• REQUIRED ACTION: Skip the images and restate every line of the records exactly.

• RECORDS FOR THIS EXERCISE:

▬▬▬▬▬▬

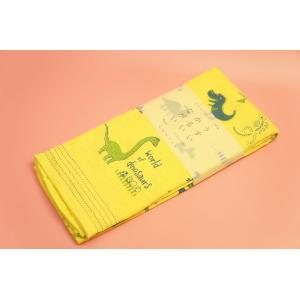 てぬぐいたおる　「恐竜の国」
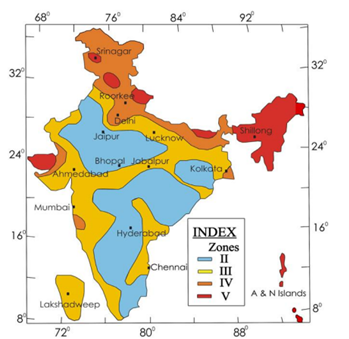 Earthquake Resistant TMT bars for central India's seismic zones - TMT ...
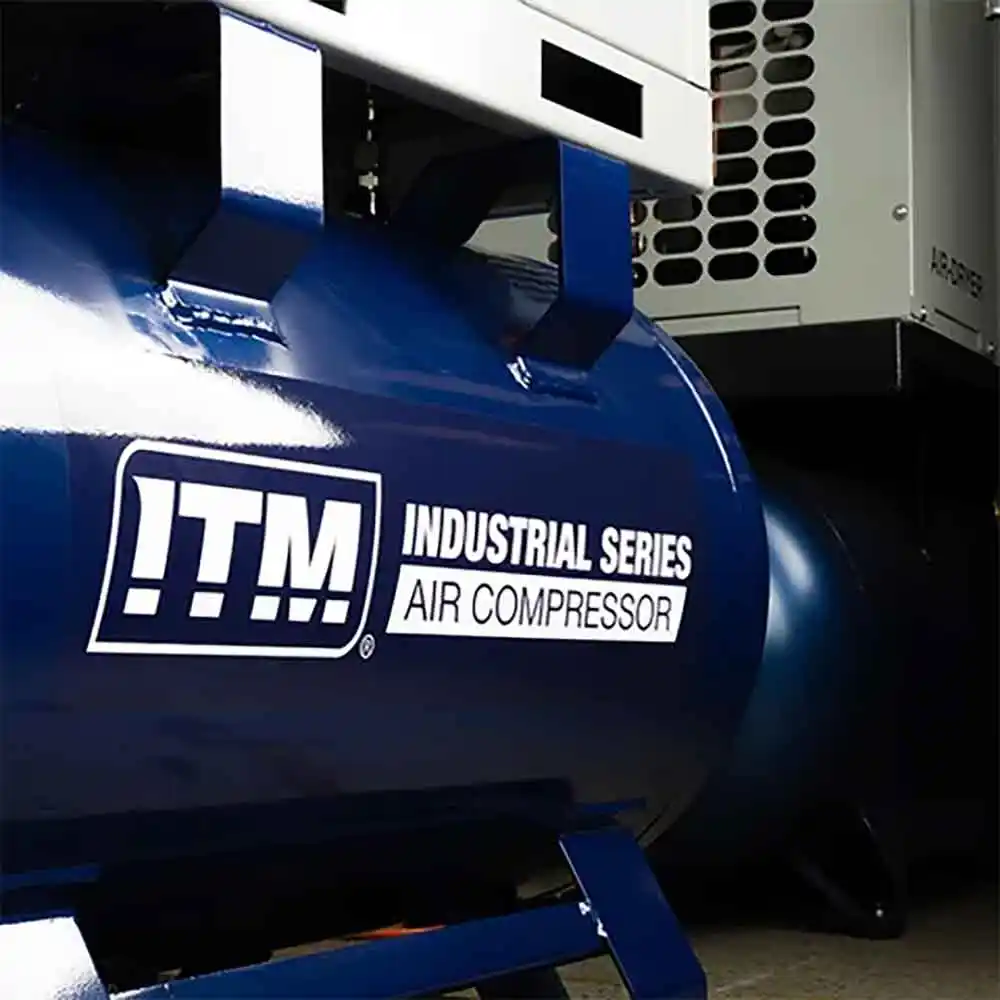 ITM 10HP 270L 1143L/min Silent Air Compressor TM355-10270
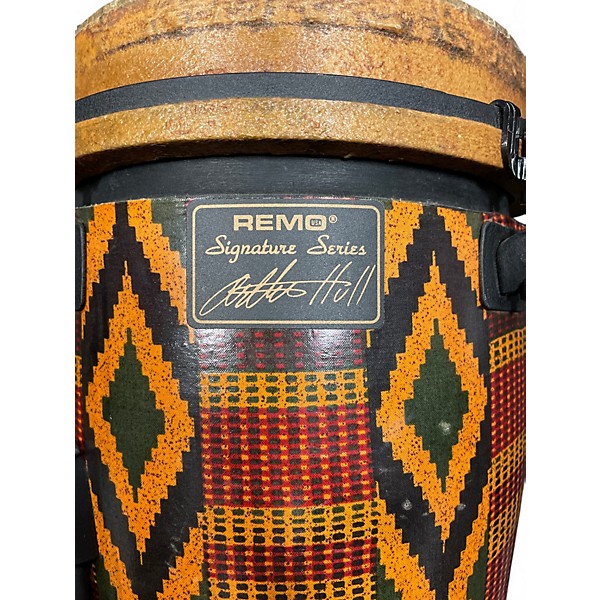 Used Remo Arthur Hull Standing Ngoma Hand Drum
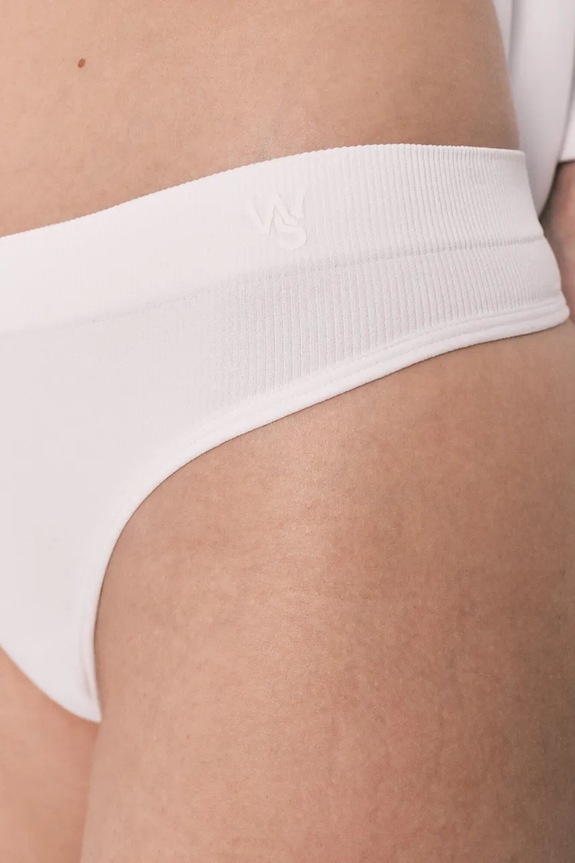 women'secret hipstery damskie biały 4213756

▬▬▬▬▬▬

• TASK ANSWER:
 てぬぐいたおる　「恐竜の国」
 Earthquake Resistant TMT bars for central India's seismic zones - TMT ...
 ITM 10HP 270L 1143L/min Silent Air Compressor TM355-10270
 Used Remo Arthur Hull Standing Ngoma Hand Drum
 women'secret hipstery damskie biały 4213756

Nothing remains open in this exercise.